Improving Emotional Resiliency

Emotional resiliency is about focusing on balancing-out negativity. A big part of our negative experience is criticism, whether that be self-criticism or criticism from others. Negative self-talk is designed to protect us, but that’s rarely the outcome and, criticism from others is never helpful. Most of us know when we’re about to enter a dynamic in which we will be criticized, and this often creates a sense of dread and impacts our ability to feel positively. One way to limit dread, a major drain on our emotional resiliency and wellbeing, is to be prepared. Knowing how we will deal with criticism and trusting our ability to be effective in the way we deal with it requires rehearsal and practice. Rehearsal works especially well when we are ruminating and playing out scenarios in our mind. By actively rehearsing coping mechanisms, the rumination becomes a self-soothing practice rather than being trapped in a negative thought pattern. An example of this instead of focusing on how we’re going to feel when a negative event or criticism occurs; instead, we can focus on what we will do to cope with those feelings and situations. Knowing what our first step will be is empowering. Taking back our power allows us to know that we will not be left in a place of pain when faced with criticism and negative dynamics.

Sometimes negative dynamics can come out of nowhere, blind-siding us. I advise that everyone’s first step when faced with criticism and negative dynamics is to stop and take a moment.
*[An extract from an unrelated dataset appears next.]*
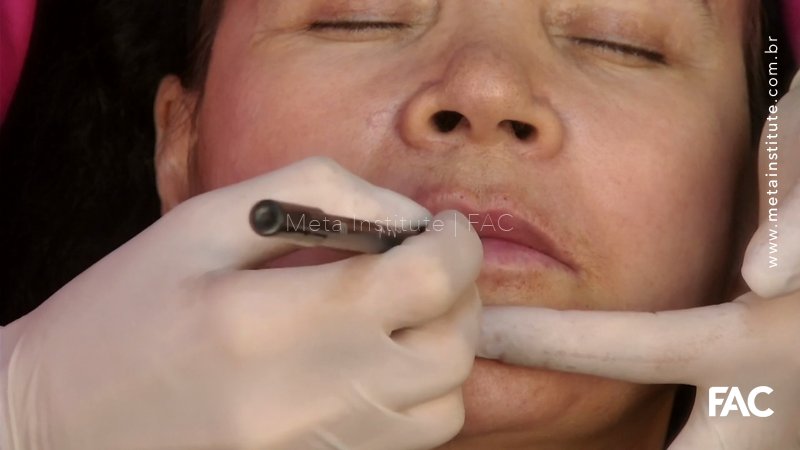Preenchimento Labial: técnica mista com cânula e agulha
Allowing yourself a moment is a powerful way to change the dynamic. It is powerful because you are no longer reacting. Instead you are giving yourself something that everyone needs in negative situations: time to process. While a moment may not be enough time to fully process, it is enough time to reflect on what you are feeling. What is the underlying message that you are receiving? What are the emotions you are feeling? Understanding your feelings will give you insights into what your next action should be. Are the feelings you are having about external issues or internal ones? Are you feeling upset because you believe that the criticism or negative dynamic is revealing an awful truth about you? If it is internal and connected to a past shame or trauma, you will need more time to evaluate and process. If it is external, then you need to assess whether it is the person, the dynamic, the situation, or a blend. The answer affects how you can then craft your response.

Being able to craft our response rarely happens the first time we are faced with criticism or a negative dynamic. I’m sorry to say this is normal. Another hard truth is that the first time we are faced with criticism or a negative dynamic we will most likely not be happy with our response, and this can trigger ruminating. It’s important to know that once we build the habit of taking a moment, we will limit our dissatisfaction with our response to criticism and negative dynamics. That brief space between how we would normally react provides space for new skills to kick in. That is why we should reshape the rumination to focus on why we did not respond the way we wished we had responded. This approach requires that we consistently choose a different path when situations are similar. If there is an aspect of you that consistently draws criticism, there are two options: change, or embrace that you do not want to change. Once you have made that decision, you can create your response and use rumination to practice and role play it in your mind. Soon rumination will be replaced with rehearsal and the ability to cope with negativity.